When I was well enough to go to college, she was instrumental in my decision to pursue communications and journalism. That decision led to many wonderful experiences in my life and a couple of scholarships to boot. And while I didn’t follow it as a career as intensely as she has, I never regretted my choice because it allowed me to meet my future husband. By Oprah sharing her past of promiscuity and poor choices in men, she gave me the strength to expect only the best. Choosing my husband - a man of great integrity and noble feelings who treats me well, respects my mind and encourages my dreams – is also Oprah’s doing. As a young woman with a chronic illness, it was easy for me to fall prey to a dilapidated self-esteem and to choose someone who would not love me as Oprah said I deserved to be loved. She has given girls and women all over the planet the power to stand up for themselves.

Oprah has tackled every subject that has, at some point, affected me personally. When I lost my mother, I gathered strength from guests she featured on her show, who’ve dealt with grief on every level. It helped me to take each day as a gift and that it was okay to love and care for me, in spite of my sadness.

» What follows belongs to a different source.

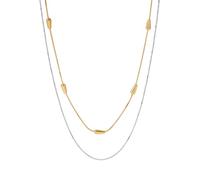 18K Plated Two-Tone Harvest Layered Necklace for Women, Stacked Jewelry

My husband and I battled infertility, as our peers happily procreated. Oprah has featured experts, couples and success stories that continue to give us hope.

In 2007 and 2010, our home in New Jersey catastrophically flooded. We took the loss and moved on. I remembered Oprah touring New Orleans, ravaged by Hurricane Katrina. Remembering the strength and perseverance of Katrina victims gave me the fortitude to look ahead and know that this too shall pass. Oprah coming on daily at 4 p.m. and sprinkling tiny bits of wisdom and enlightenment give me a greater appreciation for all the blessings I do have.

Of course the over-the-top, super fantastic, always enjoyable, extremely emotional Oprah's Favorite Things episodes are in a class all there own (just when you thought she could top herself, she did). To watch the jubilation and pure insanity of her audience reaction to the event is nothing short of mind blowing. But for me, of all of the things I love and will miss about The Oprah Winfrey Show, I think the Book Club and its recommendations, tops the list.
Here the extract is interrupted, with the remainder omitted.